YOUR INSTRUCTIONS: Only one portion of the data is to be written out: from the line bearing "A close-up shot" through the line bearing "A living room". Write it exactly as it appears.

INFORMATION GIVEN:
§ §
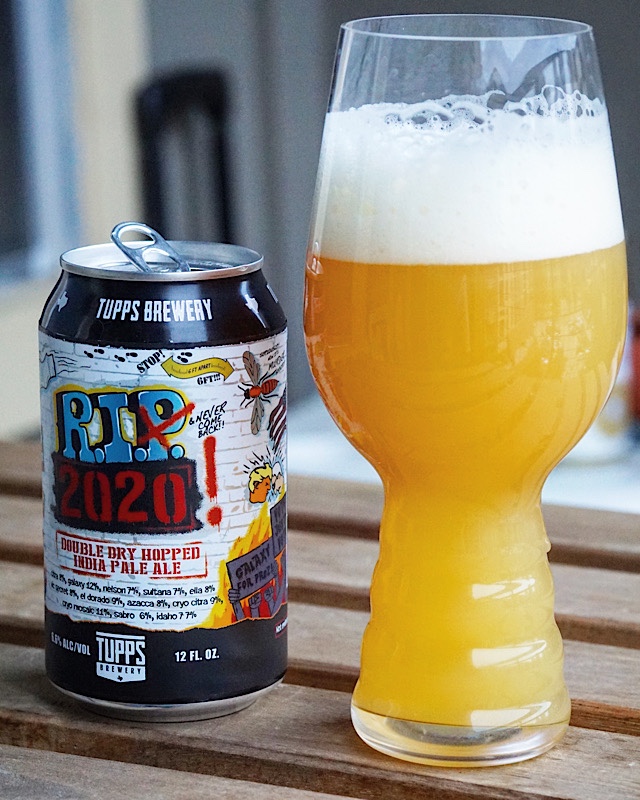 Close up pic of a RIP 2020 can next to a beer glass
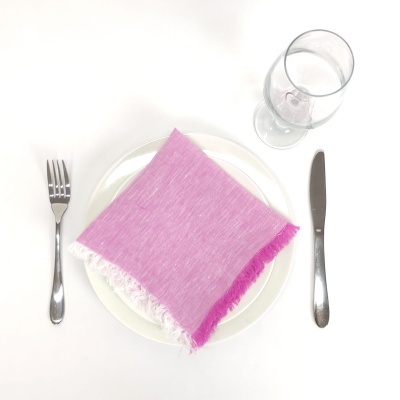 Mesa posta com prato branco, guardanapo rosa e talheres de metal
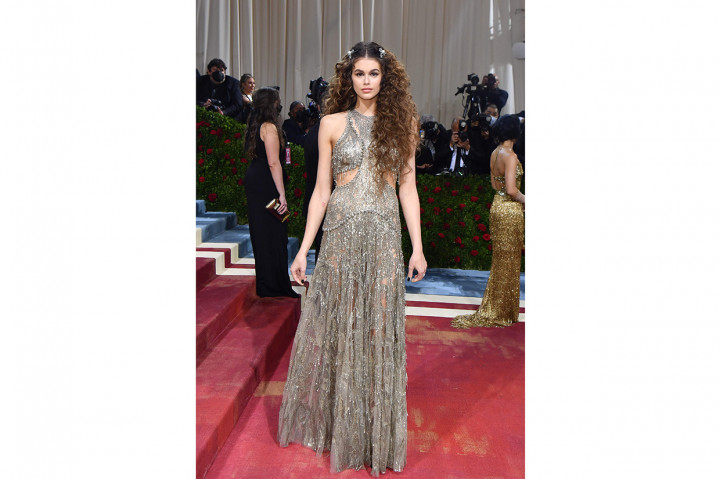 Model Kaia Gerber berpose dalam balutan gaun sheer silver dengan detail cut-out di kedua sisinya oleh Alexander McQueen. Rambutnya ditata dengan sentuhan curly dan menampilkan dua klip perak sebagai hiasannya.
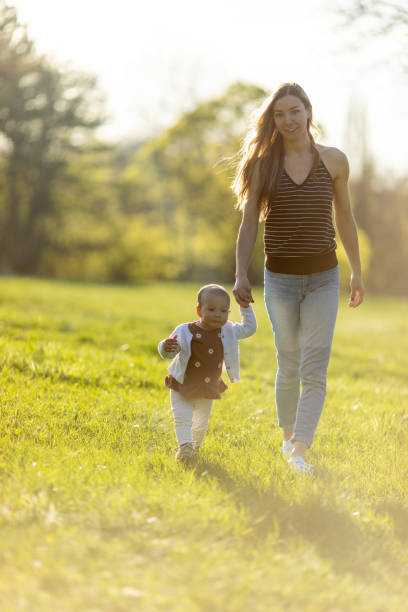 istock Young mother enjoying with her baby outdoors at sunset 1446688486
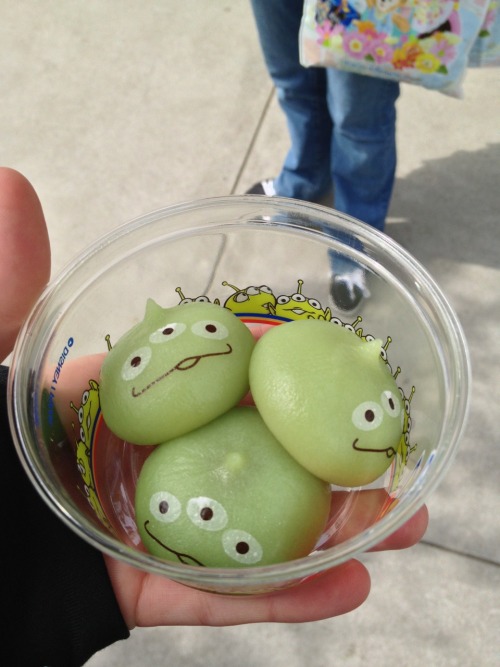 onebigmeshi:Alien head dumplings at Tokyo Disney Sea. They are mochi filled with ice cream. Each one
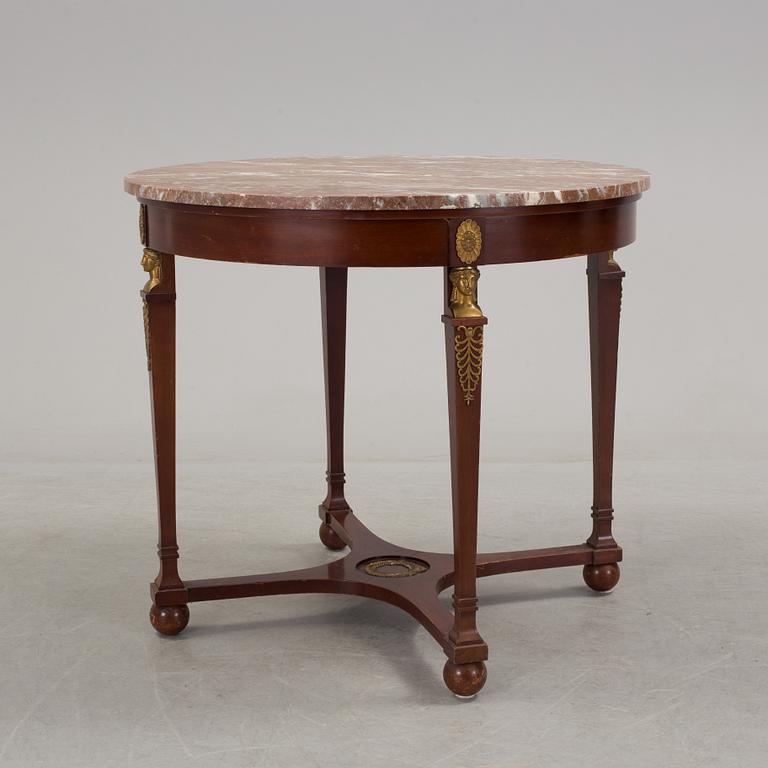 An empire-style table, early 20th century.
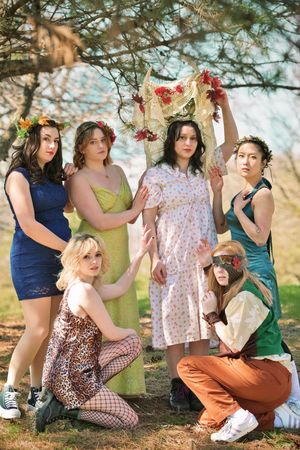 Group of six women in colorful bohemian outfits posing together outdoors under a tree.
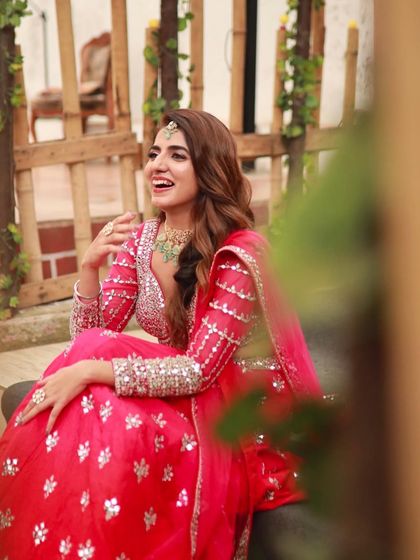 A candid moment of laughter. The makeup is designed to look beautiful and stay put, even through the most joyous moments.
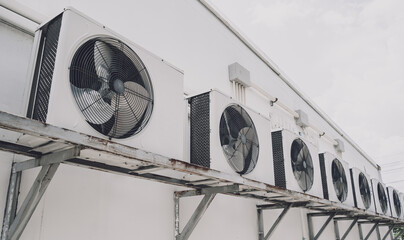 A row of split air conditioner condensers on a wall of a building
§ §
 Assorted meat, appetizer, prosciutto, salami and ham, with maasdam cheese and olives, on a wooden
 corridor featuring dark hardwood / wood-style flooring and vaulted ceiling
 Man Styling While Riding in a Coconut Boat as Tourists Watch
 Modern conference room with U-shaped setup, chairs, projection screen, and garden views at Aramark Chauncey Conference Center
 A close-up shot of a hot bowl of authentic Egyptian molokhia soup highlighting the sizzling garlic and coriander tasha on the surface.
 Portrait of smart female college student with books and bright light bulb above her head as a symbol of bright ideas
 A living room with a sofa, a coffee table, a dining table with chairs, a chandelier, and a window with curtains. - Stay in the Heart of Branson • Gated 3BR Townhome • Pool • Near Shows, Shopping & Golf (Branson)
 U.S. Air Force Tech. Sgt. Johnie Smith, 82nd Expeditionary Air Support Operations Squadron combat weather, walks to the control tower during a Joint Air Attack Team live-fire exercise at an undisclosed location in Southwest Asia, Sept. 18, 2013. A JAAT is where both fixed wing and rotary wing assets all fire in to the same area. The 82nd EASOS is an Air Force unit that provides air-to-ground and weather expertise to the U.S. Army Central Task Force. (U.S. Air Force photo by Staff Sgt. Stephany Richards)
§ §
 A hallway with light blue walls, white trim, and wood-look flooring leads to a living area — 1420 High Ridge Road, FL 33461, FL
§ §
SOLVED PROBLEM:
 A close-up shot of a hot bowl of authentic Egyptian molokhia soup highlighting the sizzling garlic and coriander tasha on the surface.
 Portrait of smart female college student with books and bright light bulb above her head as a symbol of bright ideas
 A living room with a sofa, a coffee table, a dining table with chairs, a chandelier, and a window with curtains. - Stay in the Heart of Branson • Gated 3BR Townhome • Pool • Near Shows, Shopping & Golf (Branson)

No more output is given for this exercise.